Materi yang diberikan kepada siswa secara berkesinambungan selama bertahun-tahun menentukan kualitas output dari siswa itu sendiri. Seperti pepatah mengatakan pikiran yang diulang ulang akan menjadi kebiasaan dan kebiasaan yang diulang ulang akan menjadi karakter. Materi yang diberikan di pelatihan misionaris mormon berfokus kepada kemampuan KOMUNIKATIF (yang jika diurai lagi berisi dua hal mendasar yaitu kemampuan bertanya dan menjawab) siswanya. Maka bisa kita lihat dari karakter output pendidikan bahasa mereka.Mereka sangat lancar berbahasa indonesia. Lalu bagaimana dengan materi bahasa inggris yang diajarkan di sekolah Indonesia? Materi yang diajarkan di Indonesia membentuk murid hanya untuk LULUS TES,entah itu yang bersifat ulangan,mid semester,semester,kenaikan kelas maupun ujian kelulusan. Lalu secara substantial segala tes bahasa inggris itu secara mayoritas hanya mengakomodir aspek writing (menjawab soal) dan reading(membaca soal). Aspek listening ada hanya sebagai variasi kecil-kecilan(dengan mengaudiokan soal)  soal tertulis. Dan bisa kita lihat hanya mereka lah yang aktif dan rajin berlatih  secara pribadi yang dapat menjawab  soal listening dengan bagus. Lalu apalagi dengan Speaking, Aspek terpenting yang terdapat dalam sebuah bahasa. Mengapa speaking  adalah hal terpenting dalam BAHASA? Karena bahasa pada level paling mendasar adalah KOMUNIKASI LISAN. Bahkan secara psikolinguistikpun, anak kecil selalu belajar bahasa dengan cara BERBICARA dan MENDENGAR. Saya berani menjamin tidak ada orang tua manapun didunia yang menstimulasi/ mengajari anaknya bahasa ibu dengan MENULIS dan MEMBACA. Dari hal diatas bisa kita simpulkan bahwa pendidikan bahasa inggris kita gagal membentuk lulusan yang bisa berbahasa inggris secara aktif dan pasif karena secara fundamental PENDIDIKAN BAHASA INGGRIS DI INDONESIA MENYANGKAL HAKIKAT MENDASAR DARI BAHASA INGGRIS ITU SENDIRI.

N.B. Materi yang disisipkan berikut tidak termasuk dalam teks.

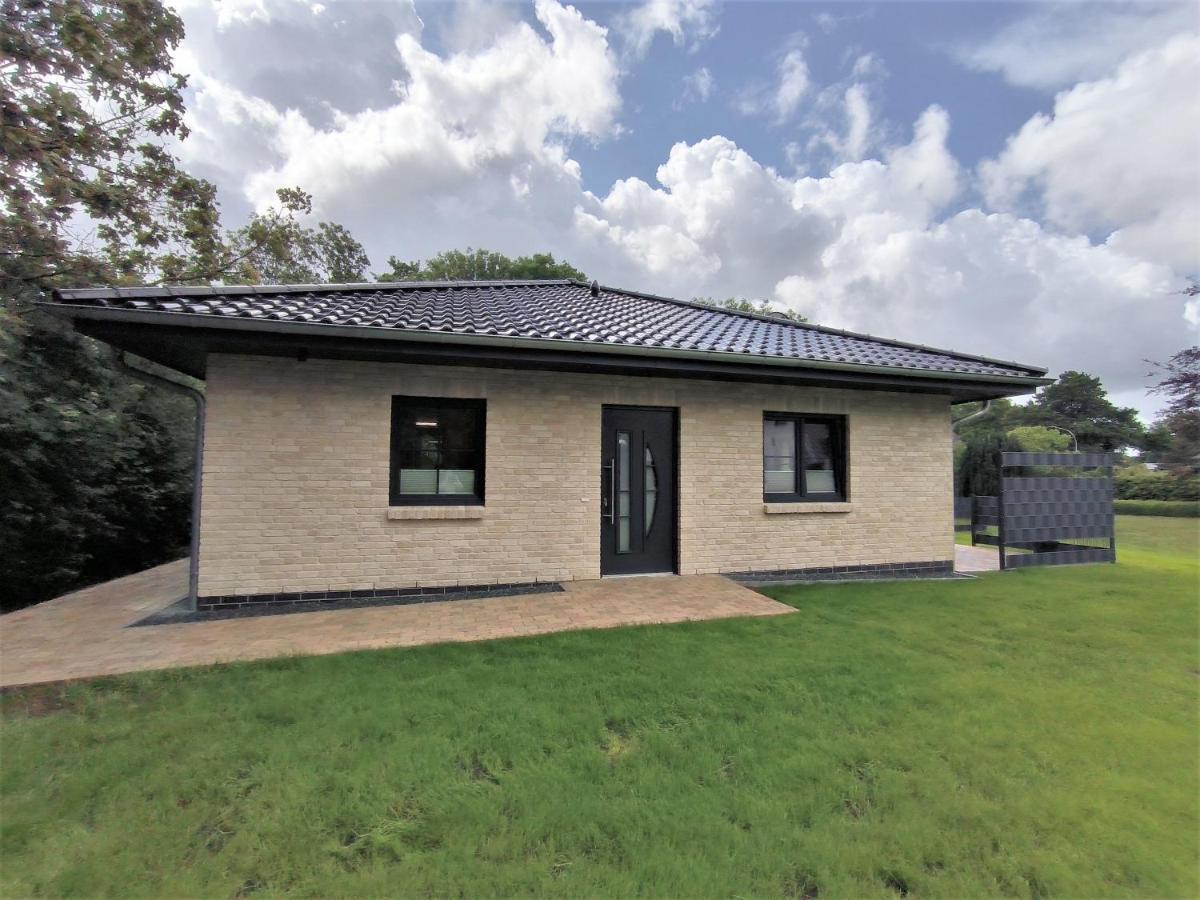 Jensen - Perfekt Fuer Grosse Und Kleine Gaeste! Apartment *
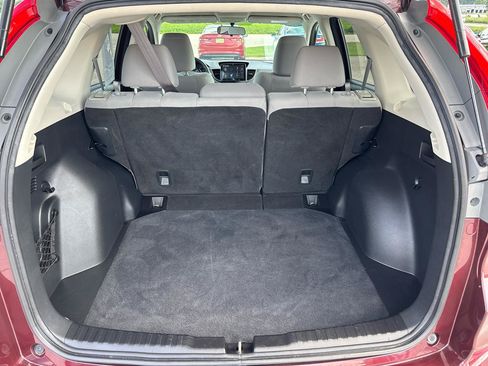 Used 2016 Honda CR-V SE image 21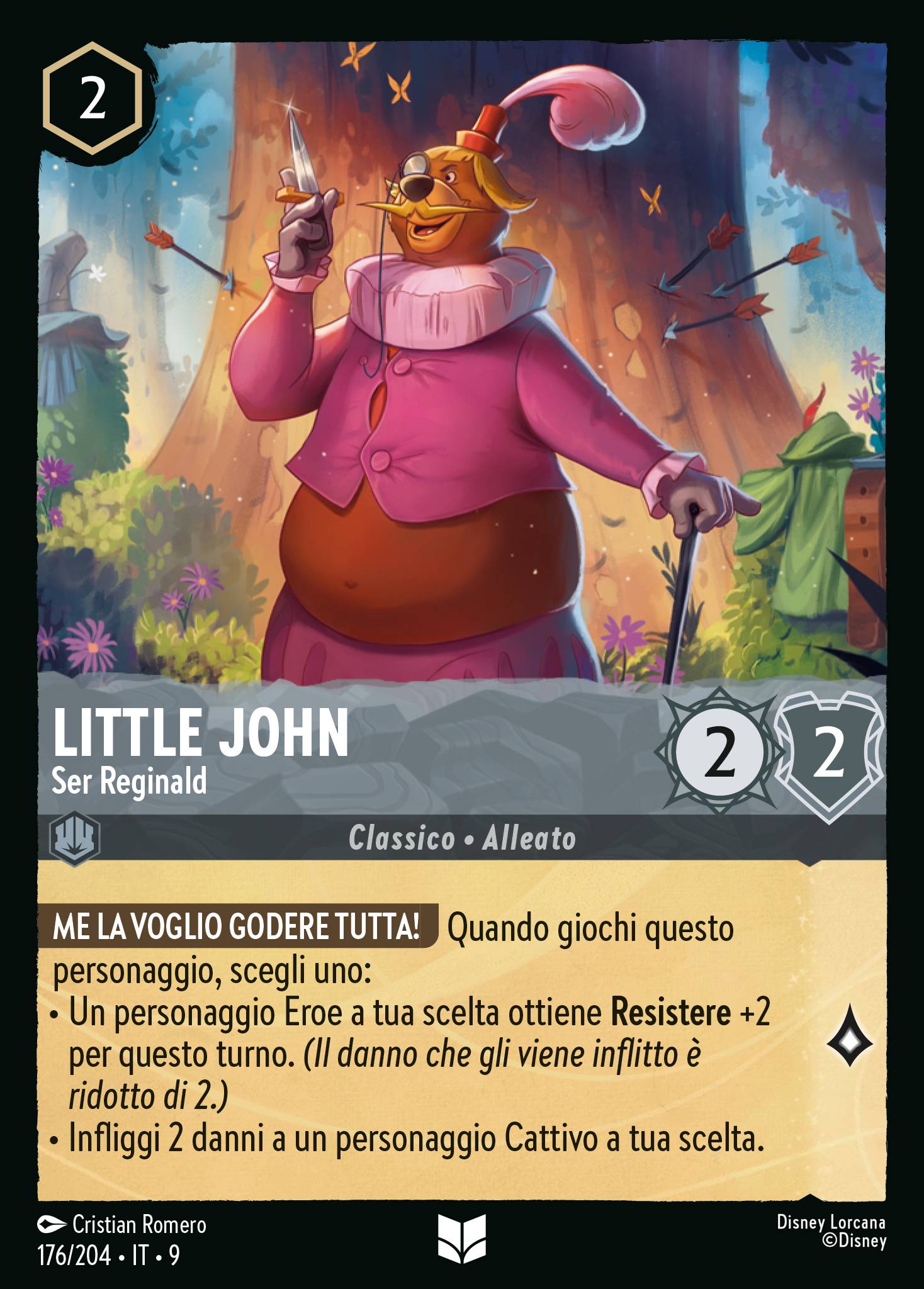 Little John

Lalu hal apa yang bisa pemerintah lakukan?  Hal yang mendasar yang bisa pemerintah lakukan adalah dengan memfokuskan pembelajaran bahasa inggris kepada kemampuan SPEAKING dan LISTENING. Karena sudah merupakan logika matematika umum dalam pembelajaran bahasa inggris bahwa MEREKA YANG BISA BERBICARA DENGAN GRAMMAR YANG TEPAT PASTI BISA MENULIS DENGAN GRAMMAR YANG TEPAT NAMUN SEBALIKNYA,MEREKA YANG BISA MENULIS DENGAN GRAMMAR YANG TEPAT BELUM TENTU BISA BERBICARA DENGAN GRAMMAR YANG TEPAT. ubah setiap ulangan ,tes,maupun ujian dengan tes lisan karena dengan membuat kemampuan berbicara sebagai tolak ukur kita bisa melihat konsistensi setiap murid dalam berlatih setiap hari. Dengan demikian nilai setiap tes maupun ujian yang baik tersebut dapat dipertanggung jawabkan melalui skill KOMUNIKASI dari siswa dan bukan  hanya skor yang tinggi diatas kertas. Dan siswapun akan termotivasi untuk berlatih setiap hari karna kemampuan SPEAKING merekalah yang akan menentukan kelulusan/kenaikan kelas. Disisi lain dengan memfokuskan pembelajaran kepada aspek speaking dan listening di sekolah kita tidak harus memiliki durasi 10 jam setiap harinya untuk berlatih bahasa inggris karena kita melamakan durasi tingkat pencapaian yang biasanya dicapai dalam 3-4 bulan menjadi 12 tahun. Dengan hal ini saya yakin Kemampuan berbahasa inggris bukan monopoli mereka yang berduit maupun blasteran.